The Baier test requires a claimant who asserts a positive entitlement to expressive freedom to satisfy three criteria:

(1) The underinclusion claim must be grounded in a fundamental Charter freedom rather than access to a particular statutory regime.

(2) Exclusion from a statutory regime must substantially interfere with activity protected under section 2 of the Charter. The exercise of such activity need not be impossible, but the claimant must seek more than a particular channel for exercising it.

(3) The state must be accountable for the inability to exercise the fundamental freedom; underinclusion must substantially orchestrate, encourage, or sustain the violation of fundamental freedoms.

Baier narrowed the scope of expressive freedom. Justice Fish noted in dissent that the Court has historically interpreted freedom of expression broadly and associational freedom narrowly (paras 99-100). It is therefore ironic that the Court cross-fertilized the broad section 2(b) Charter entitlement using the narrower section 2(d) entitlement.

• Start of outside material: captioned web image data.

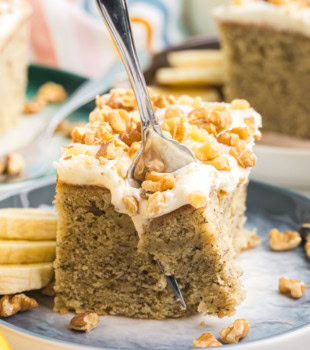 a fork cutting into a slice of banana cake with cream cheese frosting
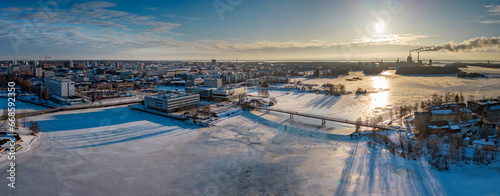 Oulu city. Pikisaari island and bridge at wintertime, Finland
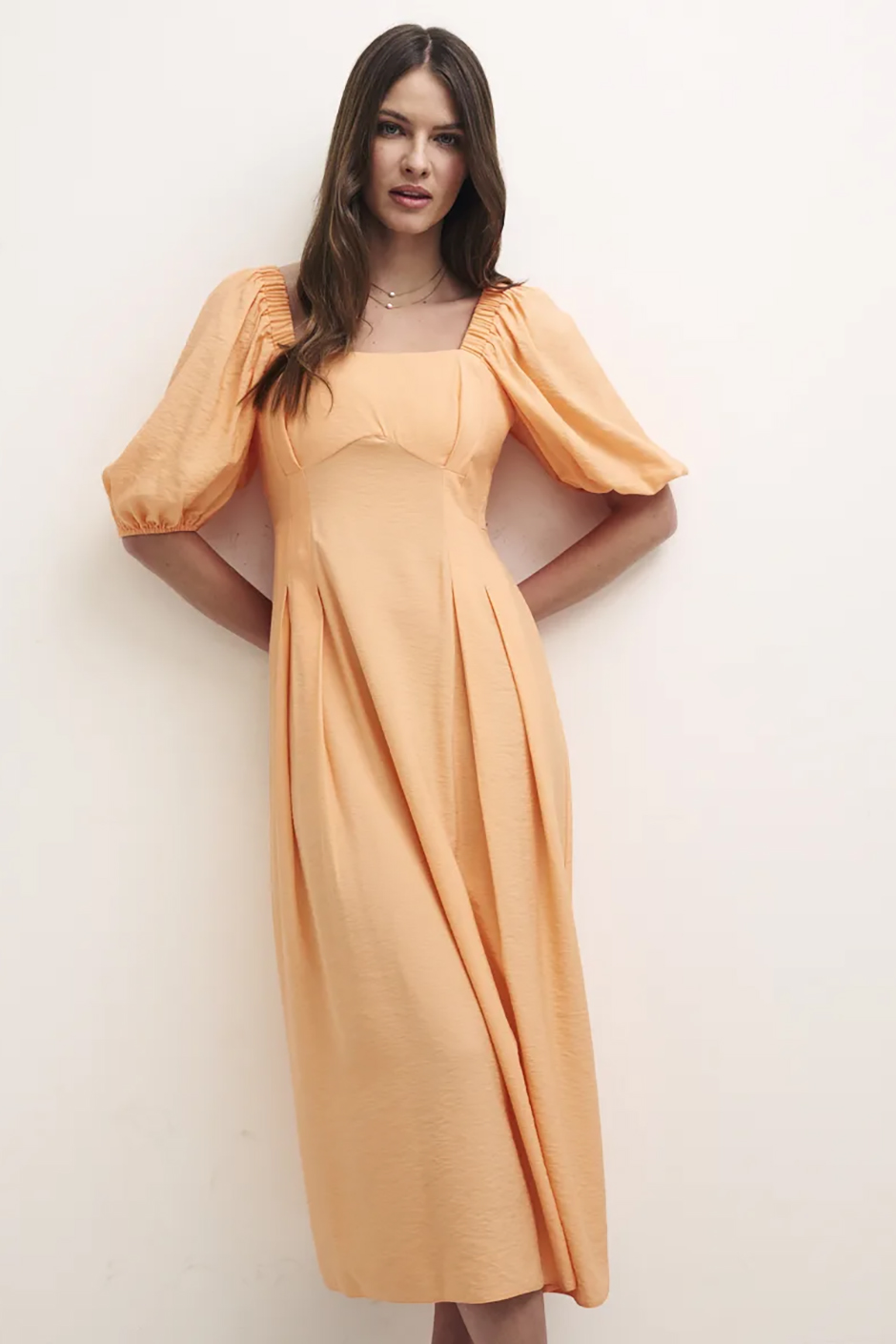 Orange peach bridesmaid dress from Nobody's Child with puff sleeves and midi length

In this comment, I argue that the Baier test harbours an inherent logical flaw. This flaw was overlooked in Dunmore because the Court fixed on the labour relations context out of which Dunmore arose. In Baier, Alberta legislation regulating provincial school board trustee elections prohibited the claimants, who were teachers, from being trustees. The Court denied the teachers’ claim that the legislation was an underinclusive expressive platform that contravened section 2(b) of the Charter. I suggest that the Baier test’s flaw may not have restricted freedom of expression in Baier if the Court took into account the context out of which Baier arose, as it did in Dunmore.

II

The Baier test’s flaw concerns its first two criteria. A positive claim for inclusion in a statutory platform to protect expressive freedom satisfies the first criterion only if it is pitched in general terms. Only general claims are grounded in fundamental freedoms that antecede particular statutory regimes. Specific claims resemble claims for access to a particular statutory regime. When applying the first criterion in Baier, Justice Rothstein construed the teachers’ claim specifically, i.e., as a claim to become school board trustees to express themselves. He held that the claim was for access to a particular statutory regime (paras 31-33). In dissent, Justice Fish construed the claim generally, i.e., as a claim to be able to express oneself in matters related to education. He held that it was grounded in a fundamental, pre-statutory freedom (para 105).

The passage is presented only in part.